Poi ti trovi in questi festini,
dove ognuno pretende che
la penna sua, sia migliore dell’altra.
E come è vero. C’è troppa competizione tra autori. Non c’è l’alleanza degli intellettuali che potrebbero cambiare il mondo, se solo, come si auspicava Cattaneo, si associassero le menti. Non ci sono scuole o correnti dominanti che riescano a dare un senso vero alle cose, persi tra le onde della società liquida dove è difficile anche interpretare. Nietzsche: - I fatti sono stupidi senza l’interprete! Il letterato da sempre si è fatto carico di questa funzione interpretante ed orientante. Oggi non più!
Ma certo! Ridi!
Non come molti,
con le labbra strette,
intimorite che un raglio fugga;
ma con lo sboccio pieno
di tutta l’ilarità.
Ci ricorda il leopardiano: Godi, fanciullo mio; stato soave…: è uno schietto invito al carpe diem, in una vita che fugge, spesso amara, dominata dallo schopenhaueriano pendolo tra dolore e noia. Nella letteratura di Miriam ci sono tutti: il rumeno, l’acchiappasogni, la matrioska, l’emigrante. Come scrive ella: «Alla fine è sempre e solo una la parola che ci lega: umanità. Siamo tutti umani, ognuno con le nostre differenze a farci unici e speciali». È l’ideale del Nihil Umanum… Non esistono i superuomini, ma esistono senz’altro i sottuomini: a loro dobbiamo rapportarci per capire l’umanità. Anche Nietzsche alla fine l’aveva capito. Siamo tutti inetti, inutili, limitati, provvisori.

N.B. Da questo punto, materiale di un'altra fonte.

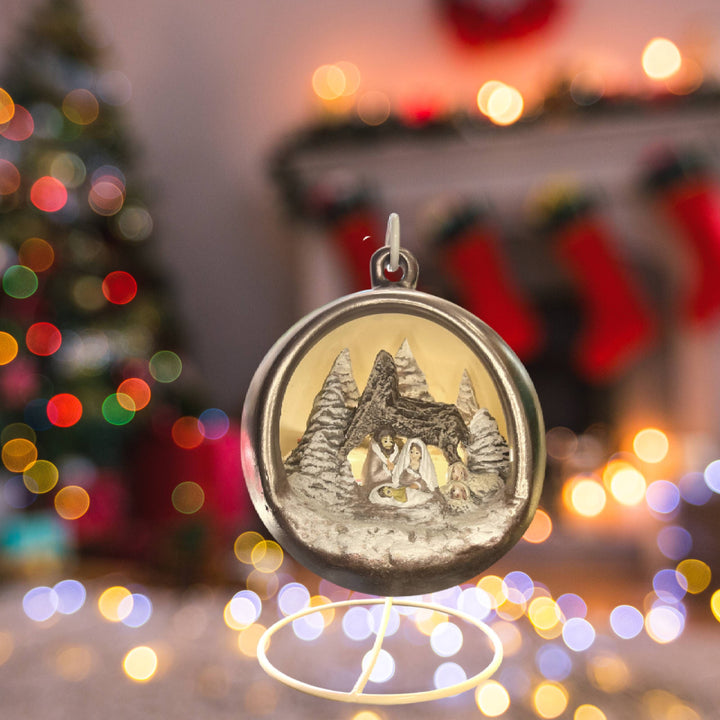 Sfera Di Natale Con Natività Ceramex 128 cm Toupe Led 3036.80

Questa antologia è una sintesi perfetta della vita di Miriam, della sua letteratura, sempre attenta e sensibile ai bisogni dell’altro, soprattutto degli ultimi. Le condizioni più deplorevoli dell’umanità ci rivelano il vero senso dell’uomo. Non lo vediamo nella ricchezza, nei miti sempre antichi e sempre nuovi del successo, dell’eroismo, che oggi si rivela nei telematismi, negli ultraversi e metaversi, nelle vite parallele vissute sul portale di un cellulare o di un computer, o sulle lenti di occhiali tridimensionali. Rischiamo di non vedere più il mondo così com’è, di eludere ed anestetizzare il dolore e la morte nell’eutanasia vivente. La morte è vera essenza della vita, come diceva Heidegger (l’essere per la morte!) e come ci ammoniva Sant’Alfonso nel suo “Apparecchio”.